# Gaggiat TS 1 could need a brain



## Guest (May 18, 2009)

I have a gaggia TS1 which was given to me as a swap because it apparently didn't work. I descaled it and after heating it up did manage to get water to come out through the group. I used a domestic type descale which I poured into the water butt and then drew through the different outlets using pump pressure.I flushed it through a dozen times and eventually got clear water sucess a workig gaggia...nearly. With a bit of common sense I realised that the tank was filling so the pump worked, the water was hot so the elemnts worked and hot water , coffee or steam came out of each relevant port, this is great, cappacinos all day long for a bout 2 days and then on the 3rd day after about half an hour of acting normally it stops working, the red light comes on that usualy means the water butt is empty although it isn.t. it seems like an overheat issue as it takes about half an hour to fail and during that time everything works normally, I think the brain is overheating on a weak relay,

DOES ANYONE KNOW WHERE I CAN GET A NEW GIEMME RL3 220V ???

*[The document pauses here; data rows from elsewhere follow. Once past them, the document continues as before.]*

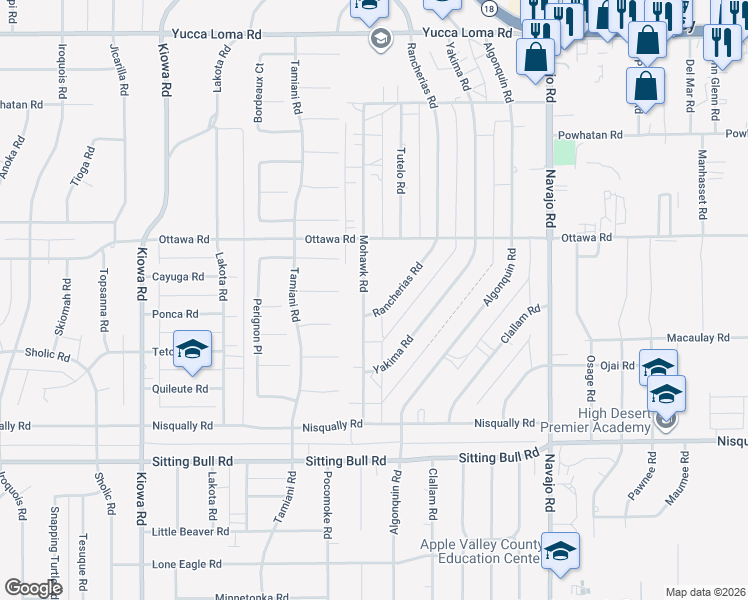 map of restaurants, bars, coffee shops, grocery stores, and more near 13177 Mohawk Road in Apple Valley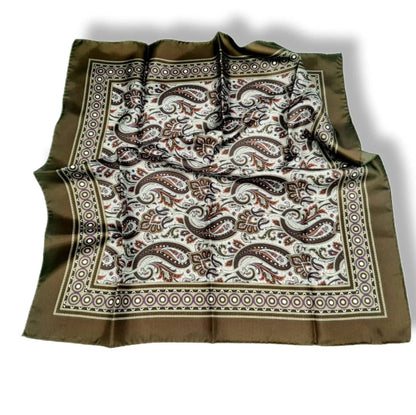 Paisley Design Silk Twill Square Scarf 27x27 – Made In Italy - Brown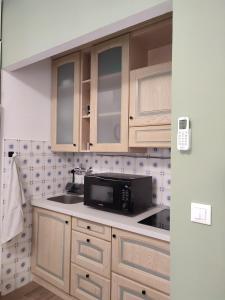 eine Küche mit Holzschränken und einer Mikrowelle in der Unterkunft Magic Home in Ceriale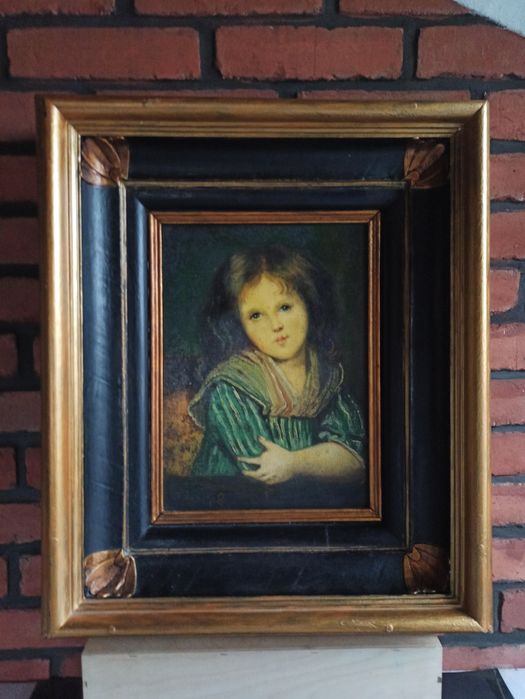 Obraz olejny Portret Dziewczynki 1861 Złota Rama styl  Biedermeier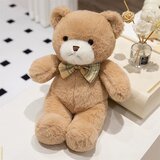 Plišana igračka Medo s kariranom leptir mašnom 25cm - bež | shoptok.hr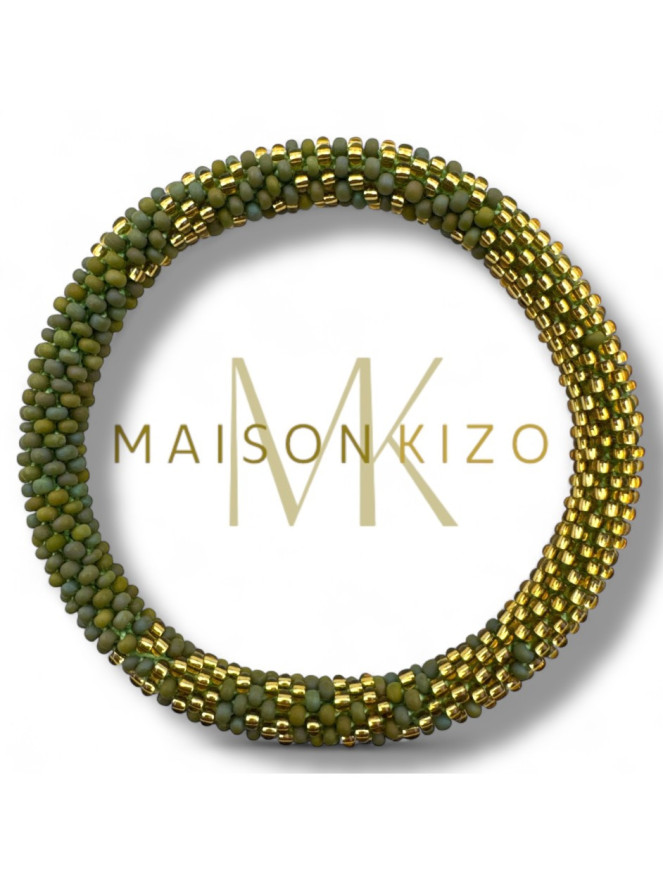 Bracelet Népalais KAKI DORÉ B07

the only ones i can find online are 110v for the US market,also mine is a 4f which seems to be more unusual, I took out the water level probe and it was shining beautifully s i think ts fine also the pressurestat does change the PSi if adjusted so i think thats good. Funny thing is whilst its coolin down ( it does comeback on eventually) the group stays hot and you can hear the thermo clicking on/off


----------